**WHAT YOU HAVE TO DO:** Copy each line below as written, but skip the pictures.

**MATERIAL PROVIDED:**

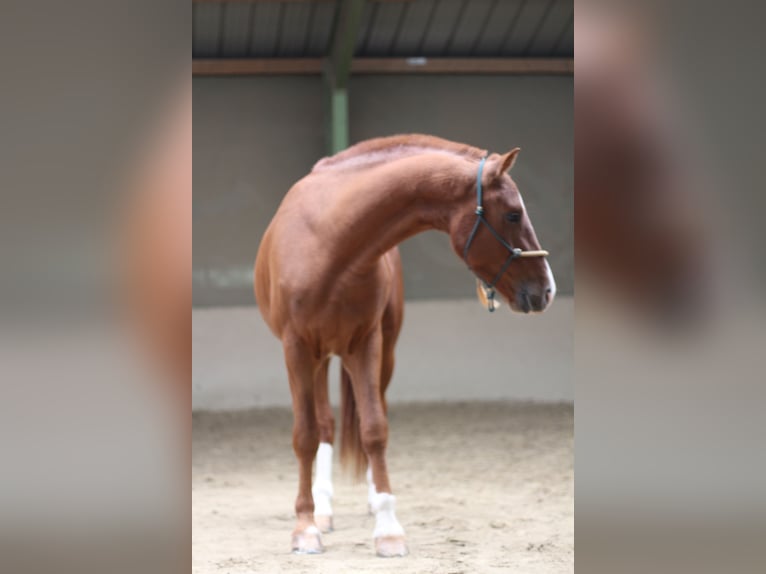 Freiberger Wałach 3 lat 164 cm Kasztanowata in Paderborn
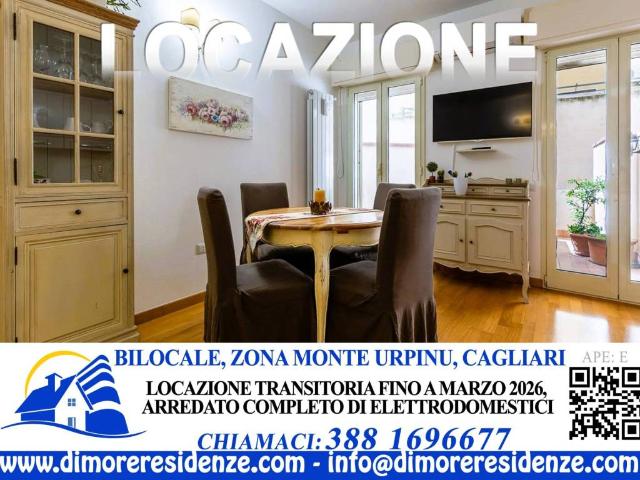 Appartamento in affitto a Cagliari CA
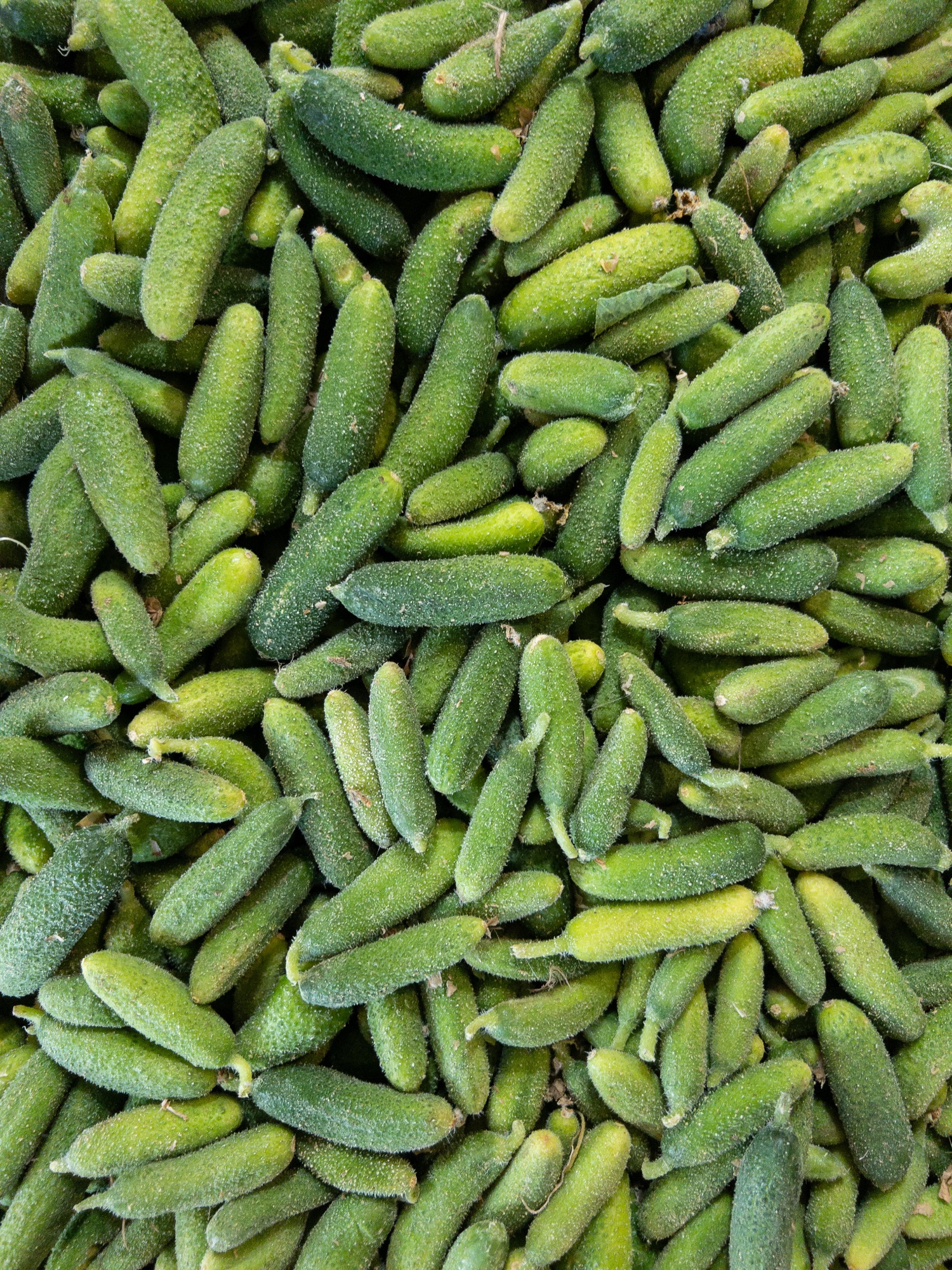 Cornichons maison produits au restaurant bistronomique HABILE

**RESULT OF THIS EXERCISE:**
 Freiberger Wałach 3 lat 164 cm Kasztanowata in Paderborn
 Appartamento in affitto a Cagliari CA
 Cornichons maison produits au restaurant bistronomique HABILE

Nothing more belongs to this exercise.